Both Miller sons were expected not only to excel in their studies and go to college but also to extend their education beyond a bachelor's degree. Like his parents before him, Stanley as well as his brother Donald, went to UC Berkeley for their undergraduate studies. Because his brother had chosen to study chemistry, Stanley decided to follow in his footsteps, mainly because he knew his brother would help him if he had trouble with his courses. He had taken most of the undergraduate chemistry classes by the end of his junior year and as a senior took graduate courses and carried out a senior thesis research project. Stanley obviously did extremely well at Berkeley and his first two published papers were based on his undergraduate research.

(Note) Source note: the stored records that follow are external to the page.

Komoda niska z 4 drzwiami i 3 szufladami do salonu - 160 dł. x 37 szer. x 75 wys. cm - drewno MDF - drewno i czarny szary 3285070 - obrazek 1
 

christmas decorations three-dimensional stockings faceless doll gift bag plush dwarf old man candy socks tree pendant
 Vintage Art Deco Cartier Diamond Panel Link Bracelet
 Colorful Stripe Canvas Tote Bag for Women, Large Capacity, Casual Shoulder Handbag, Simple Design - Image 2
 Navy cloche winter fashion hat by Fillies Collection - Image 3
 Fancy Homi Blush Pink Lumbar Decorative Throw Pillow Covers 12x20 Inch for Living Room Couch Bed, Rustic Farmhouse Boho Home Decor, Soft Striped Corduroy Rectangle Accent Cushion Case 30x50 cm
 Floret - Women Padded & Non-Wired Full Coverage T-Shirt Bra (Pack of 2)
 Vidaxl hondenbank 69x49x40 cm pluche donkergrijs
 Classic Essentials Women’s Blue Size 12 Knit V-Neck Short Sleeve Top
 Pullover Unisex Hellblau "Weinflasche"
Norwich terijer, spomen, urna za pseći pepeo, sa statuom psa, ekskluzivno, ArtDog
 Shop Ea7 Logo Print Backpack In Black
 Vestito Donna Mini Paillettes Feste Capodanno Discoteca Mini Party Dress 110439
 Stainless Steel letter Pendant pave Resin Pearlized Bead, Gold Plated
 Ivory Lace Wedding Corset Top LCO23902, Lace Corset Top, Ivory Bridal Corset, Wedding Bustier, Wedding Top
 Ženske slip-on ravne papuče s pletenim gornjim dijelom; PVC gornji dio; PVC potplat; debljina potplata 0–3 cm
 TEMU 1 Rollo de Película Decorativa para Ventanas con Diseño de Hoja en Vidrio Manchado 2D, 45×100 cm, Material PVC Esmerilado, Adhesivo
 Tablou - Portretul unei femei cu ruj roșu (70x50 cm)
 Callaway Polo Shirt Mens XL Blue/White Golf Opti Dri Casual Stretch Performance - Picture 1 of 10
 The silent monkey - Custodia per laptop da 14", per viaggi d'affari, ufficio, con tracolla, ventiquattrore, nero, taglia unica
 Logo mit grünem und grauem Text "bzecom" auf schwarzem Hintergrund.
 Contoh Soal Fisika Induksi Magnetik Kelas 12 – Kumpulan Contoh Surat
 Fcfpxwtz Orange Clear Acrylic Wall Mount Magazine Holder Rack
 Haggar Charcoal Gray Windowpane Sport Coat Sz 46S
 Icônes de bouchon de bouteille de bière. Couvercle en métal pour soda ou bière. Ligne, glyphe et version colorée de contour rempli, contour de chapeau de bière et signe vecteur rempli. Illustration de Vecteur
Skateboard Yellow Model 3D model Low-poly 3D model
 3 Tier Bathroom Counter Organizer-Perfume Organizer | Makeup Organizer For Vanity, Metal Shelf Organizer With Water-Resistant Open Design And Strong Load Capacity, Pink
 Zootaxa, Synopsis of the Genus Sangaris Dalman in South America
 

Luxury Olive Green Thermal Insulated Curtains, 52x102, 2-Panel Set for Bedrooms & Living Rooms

When it came time to think about graduate schools, Stanley consulted with several of his professors and he came up with a short list of schools they recommended. One of the concerns Stanley had was financial support. His father had died in 1946 and the family was not able to pay for graduate school. The only type of funding support available at the time was from teaching assistantships. Of the universities recommended by the Berkeley faculty, only the University of Chicago and the Massachusetts Institute of Technology offered teaching assistantships. Stanley put the University of Chicago at the top of his list, and was thrilled when he received a telegram in February 1951 notifying him of his acceptance, including an offer of a teaching assistantship. Stanley graduated from Berkeley in June 1951 and headed for Chicago.

The experiment of a lifetime

Stanley arrived at the University of Chicago in September 1951 and, besides enrolling in required courses, started to look around for a possible thesis project. At first he was not inclined to do an experimental thesis. He claimed experiments tended to be "time-consuming, messy and not as important" as theoretical research (1974). It is interesting to note that Stanley's first published paper, derived from his senior undergraduate research, was a single-authored theoretical paper on polarographic currents. As he discussed topics with various professors, the one that initially caught his interest was one suggested by Edward Teller on how the elements were synthesized in stars. Stanley started to investigate the topic and eventually after about six months finally began to understand the scope of the project.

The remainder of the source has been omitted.